“看情况吧。”他没有把话说死。但这模棱两可的三个字,对于此刻神经紧绷的顾默珩而言,无异于一种缓慢的凌迟。
“温晨……”
顾默珩还想说什么。
温晨已经穿戴整齐,语气恢复了彻底的冷淡,“我要去洗漱。”
顾默珩僵在原地,看着温晨面无表情地与他擦肩而过。那种熟悉的、抓不住任何东西的无力感,如同冰冷的海水,瞬间没顶而至,几乎让他窒息。
就在温晨的手即将触碰到浴室门把手的时候。
“我送你。”
顾默珩在他身后开口,声音沙哑得厉害,带着最后一丝孤注一掷的坚持。
“明天上午,我开车送你回去。”
这是一种变相的妥协,更是一种卑微的争取。他需要这样一个仪式,一个能确认温晨还会“回来”的、自欺欺人的纽带。
温晨搭在门把上的手,几不可察地停顿了一瞬。
他没有回头。
也没有拒绝。
“咔哒”一声,浴室门关上了。
隔绝了顾默珩那道几乎要破碎的视线。
顾默珩独自站在空旷冷清的房间里,望着那扇紧闭的门。仿佛能感觉到,有什么至关重要的东西,正在一点点脱离掌控,朝着他无法预料的深渊,加速滑落。
第27章
黑色迈巴赫,缓缓停在那栋熟悉的红砖小洋楼前。
车内,空气凝滞得近乎胶着。
顾默珩并没有立刻解锁车门。他侧过头,那双熬得通红的眼睛,紧紧锁在温晨脸上,仿佛少看一眼,这个人就会凭空消失。
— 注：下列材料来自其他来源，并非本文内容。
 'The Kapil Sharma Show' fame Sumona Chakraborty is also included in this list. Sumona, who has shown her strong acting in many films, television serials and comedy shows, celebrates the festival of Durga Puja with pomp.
“温晨。”一夜未眠加上感冒,让他的嗓音粗粝沙哑,每一个字都磨在车内人心上。
温晨解安全带的手指顿了一下,并没有抬头。
“什么时候结束?”顾默珩问得很轻,“我在附近等你。”
温晨终于抬眼,目光掠过他搭在方向盘上缠着厚厚纱布的右手。那抹刺眼的白色在深色内饰中灼烧着他的视线,心口像是被什么东西不轻不重地蛰了一下。他迅速压下这不合时宜的异样,声音冷硬:“不必,时间不定。”
“啪嗒。”
安全带卡扣弹开,温晨推门下车,动作干脆利落,没有丝毫迟疑。
顾默珩几乎是下意识地倾身,伸手想去够那片翻飞的衣角,指尖却只捕捉到一缕冰凉的空气。
“砰”车门重重关上,将他与那个决绝的身影隔绝开来。
温晨站在路边,深深吸入一口凛冽的寒气,试图将肺腑间萦绕不去的雪松冷香彻底置换出去。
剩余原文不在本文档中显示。